[[ Data in this exercise open ]]

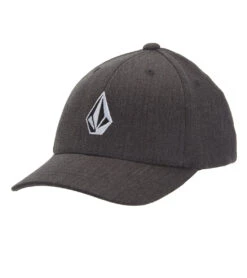 Volcom Boys' Full Stone Hthr Flexfit® Hat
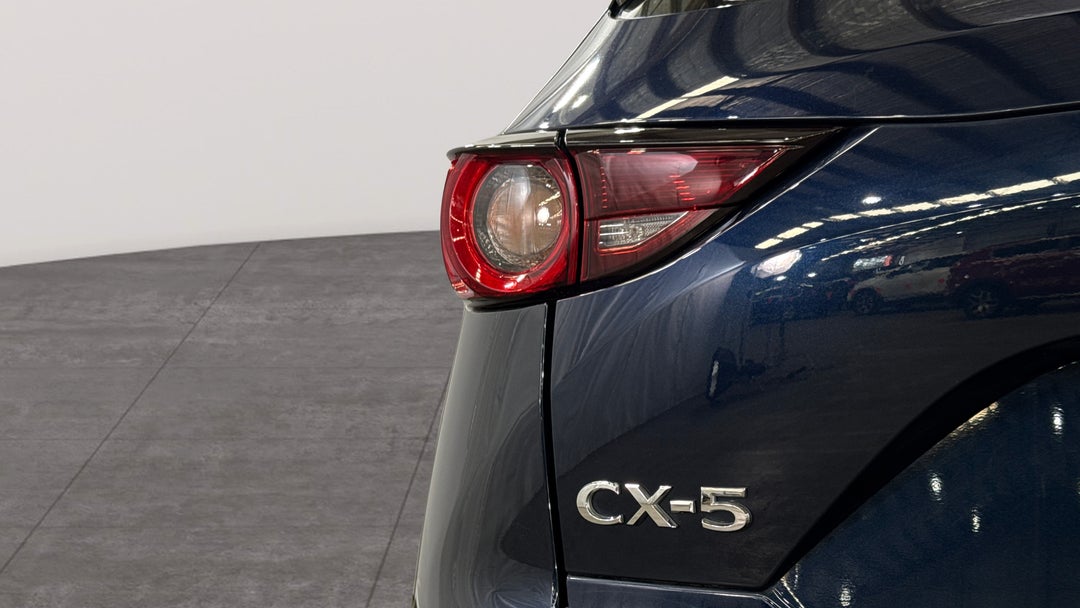 2021 Mazda CX-5 Maxx (FWD), Automatic, 76661 km, Badge (Boot Left Side)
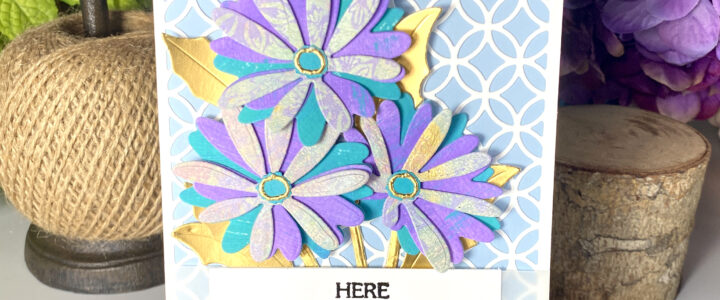 Altenew Craft-A-Flower: African Daisy Release Blog Hop + Giveaway 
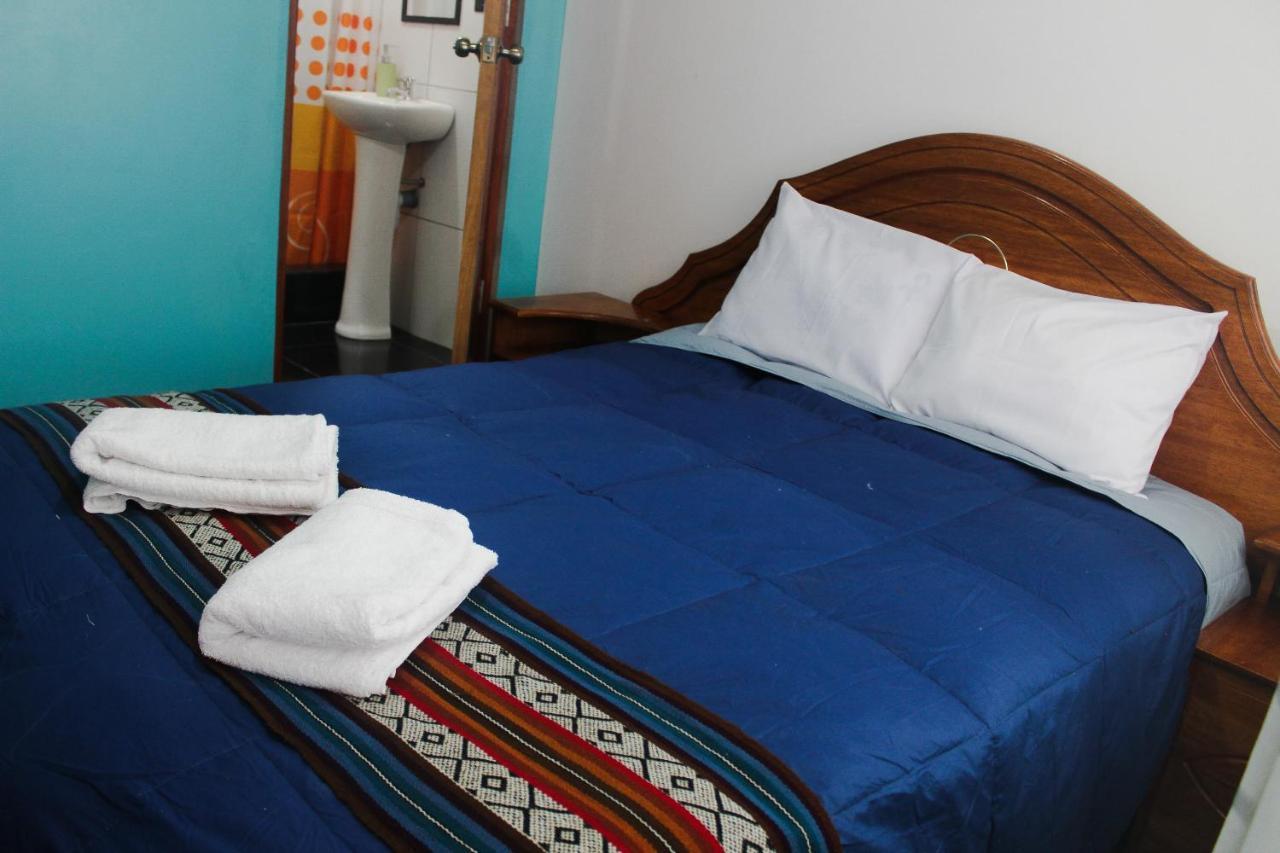 Hotel Cusco Green エクステリア 写真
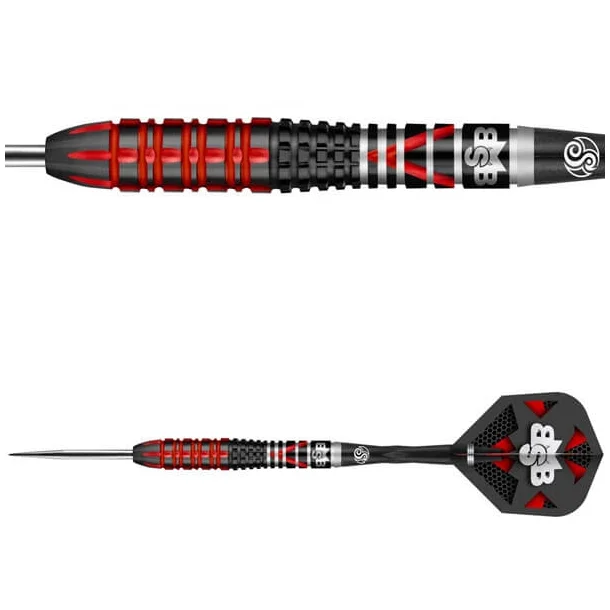Shot Michael Smith Tenacious 90% 25g Steeltip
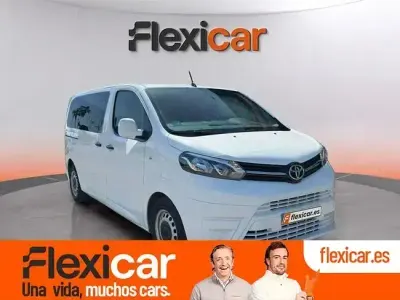 Occasion Toyota Proace 120 PK (88 kW) 2021 Wit MPV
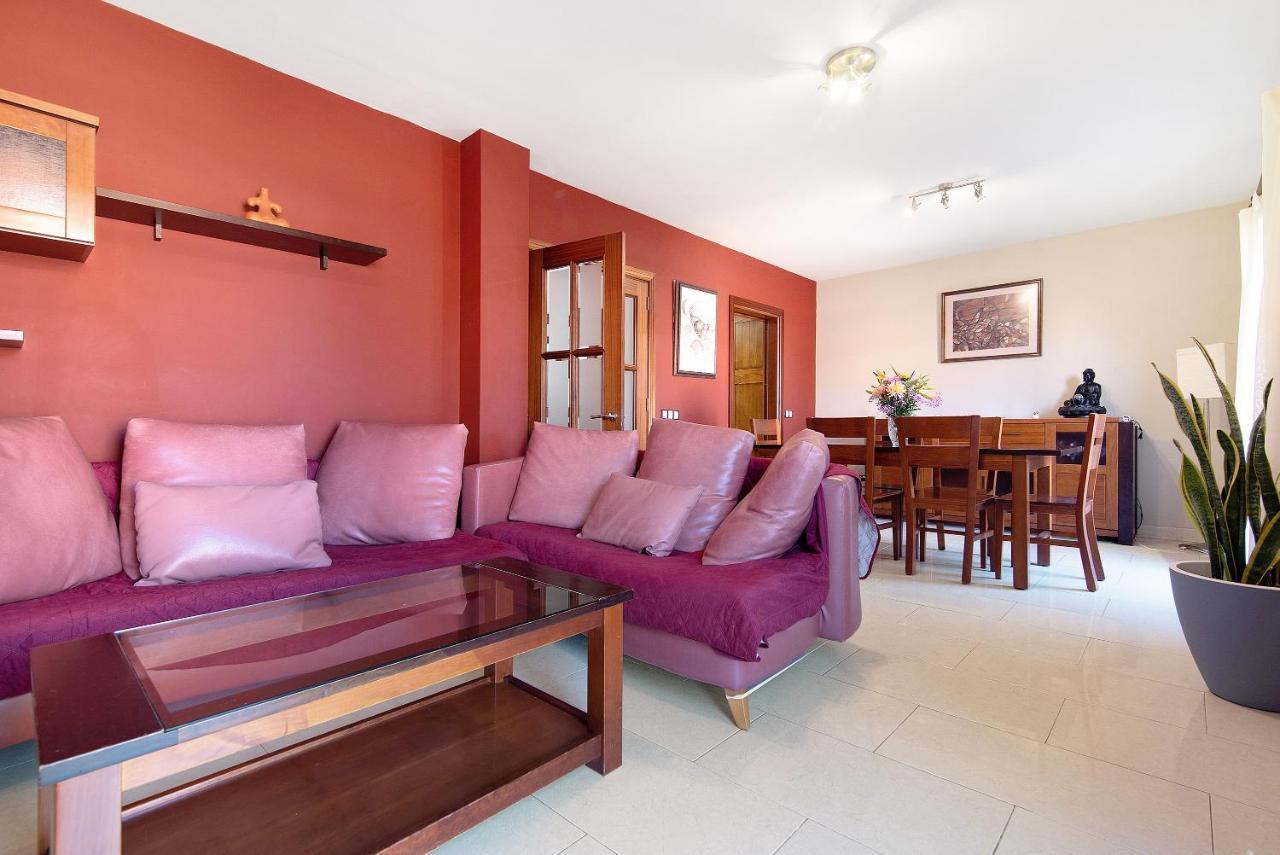 Vacacional El Agujero Holiday home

[[ Data in this exercise closed ]]

→ Task to complete: Please give an exact printout of all the records, pictures aside.

→ Completed task:
 Volcom Boys' Full Stone Hthr Flexfit® Hat
 2021 Mazda CX-5 Maxx (FWD), Automatic, 76661 km, Badge (Boot Left Side)
 Altenew Craft-A-Flower: African Daisy Release Blog Hop + Giveaway 
 Hotel Cusco Green エクステリア 写真
Shot Michael Smith Tenacious 90% 25g Steeltip
 Occasion Toyota Proace 120 PK (88 kW) 2021 Wit MPV
 Vacacional El Agujero Holiday home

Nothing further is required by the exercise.